A. Formation and Ingestion

  • Acids and bases are produced during metabolic processes or consumed through diet.

B. Metabolic Acids

  1. Carbon Dioxide (CO2):

    • A byproduct of glucose metabolism, serving as a volatile acid capable of converting between CO2 gas and carbonic acid (H2CO3).

    • Vital for acid elimination through kidneys and lungs.

  2. Fixed Acids:

    • Nonvolatile acids that must be eliminated by kidneys include:

      • Lactic acid (produced from glycolysis).

      • Uric acid (byproduct of nucleic acid catabolism).

      • Acidic ketone bodies (from fat metabolism).

      • Other acids as intermediates of citric acid cycle.

  3. Diet Contributions:

    • Dietary sources provide both acids and bases but do not significantly alter pH compared to metabolic reactions.

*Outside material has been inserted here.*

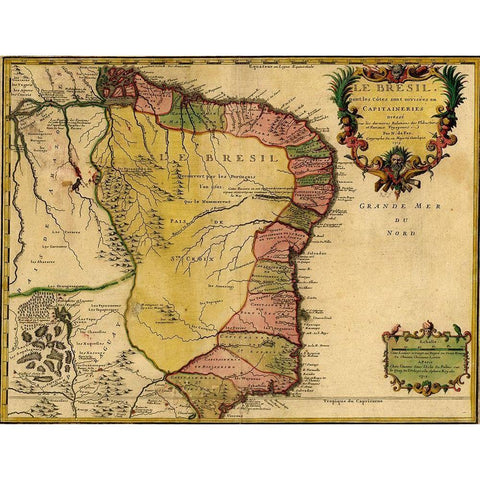 Brazil 1719 Black Modern Wood Framed Art Print with Double Matting by Vintage Maps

III. Chemical Buffer Systems

A. Function

  • Comprise a weak acid and its conjugate weak base, resist large swings in pH by binding or releasing H+.

B. Main Chemical Buffers

  1. Carbonic Acid–Bicarbonate Ion Buffer System:

    • Most important buffer system in blood: {CO2 + H2O
      ightleftharpoons H2CO3
      ightleftharpoons HCO_3^- + H^+}

  2. Phosphate Buffer System:

    • Composed of weak acid dihydrogen phosphate (H2PO4^–) and its conjugate base hydrogen phosphate (HPO4^2–).

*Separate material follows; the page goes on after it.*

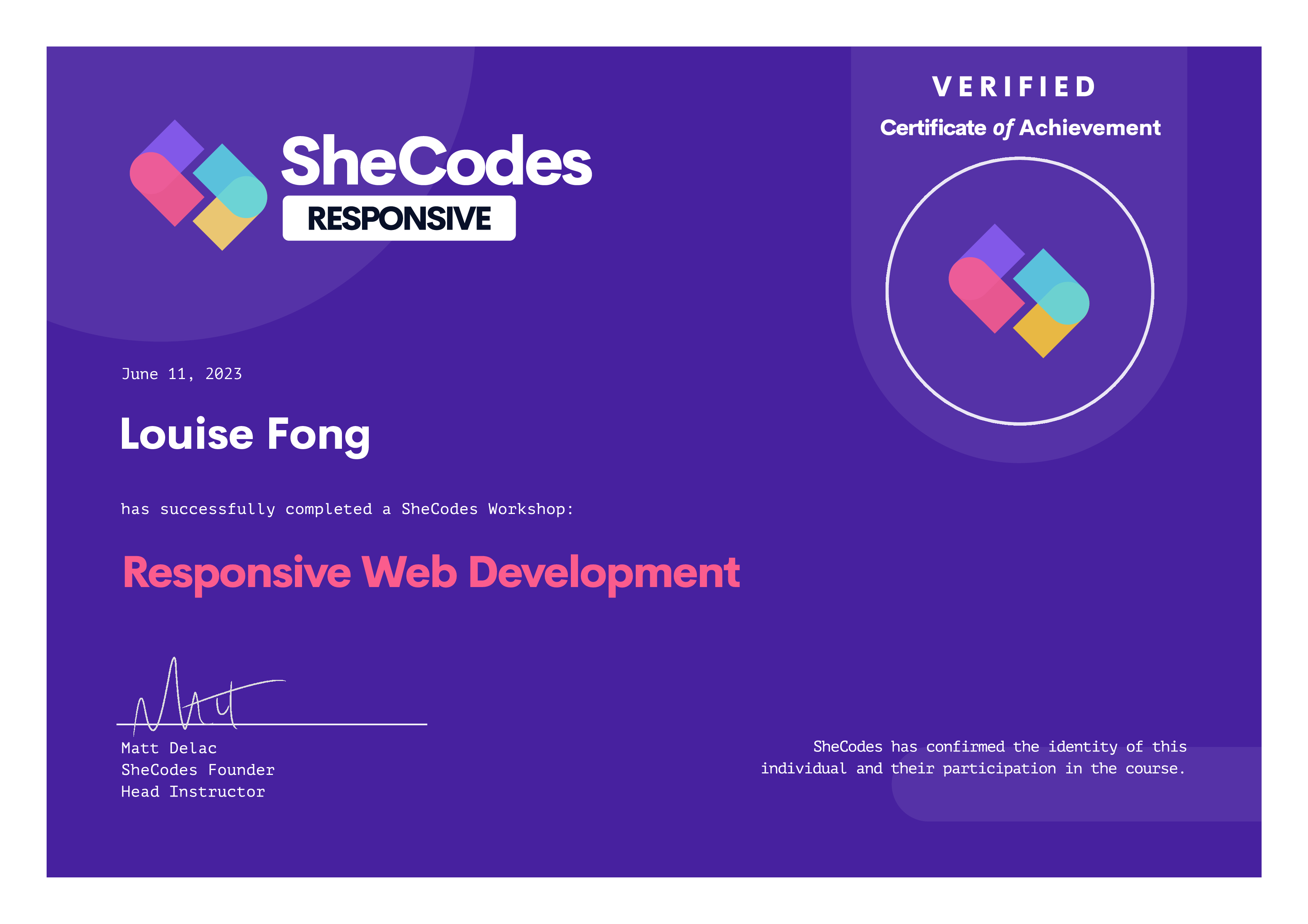 SheCodes Pro Certificate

    • Resists changes in pH in cytosol and kidney tubules.

  3. Protein Buffer System:

    • Consists of carboxylic acid groups (—COOH) in some amino acids, allowing ionization to release their weak conjugate base (—COO–).

    • These buffer systems account for 60–70% of the body's total buffering capacity (e.g., hemoglobin in erythrocytes).

IV. Physiological Buffers

A. Role of Organ Systems

  • Respiratory and urinary systems help regulate blood pH by ensuring a sufficient number of base ions.

  • Elimination of hydrogen ions is also part of their function.

B. Effects of the Respiratory System

  1. Controls CO2 levels, influencing the amounts of carbonic acid and hydrogen ions in blood.

  2. Affects the concentration of bicarbonate in plasma due to hemoglobin buffering H+, allowing bicarbonate to be released into plasma.

C. Effects of the Urinary System

  1. Works with lungs in the following ways:

    • Excretes fixed acids.

    • Regulates bicarbonate ion concentrations.

  2. Kidneys can produce new bicarbonate ions during blood acidosis (pH decreases) or secrete bicarbonate ions when blood is too alkaline (pH increases).

  3. Eliminates excess hydrogen ions in urine to maintain pH balance.

    • If filtrate pH is too acidic, hydrogen pumps become active.

    • This condition is known as limiting pH, which is around pH 4.5.

    • The distal tubular filtrate is buffered by the phosphate buffer system.

V. Acid-Base Imbalances

A. Acidosis

  1. Defined as body fluid pH less than 7.35.

  2. Develops when excess H+ is added beyond the capacity of buffer systems or when HCO3^- levels decrease.

  3. Causes decreased excitability of neurons, leading to signs and symptoms of nervous system depression.

B. Alkalosis

  1. Defined as body fluid pH greater than 7.45.

  2. Occurs when excess base ions are added beyond the buffer capacity or when H+ levels decrease.

  3. Increases neuron excitability, leading to inappropriate action potential firing.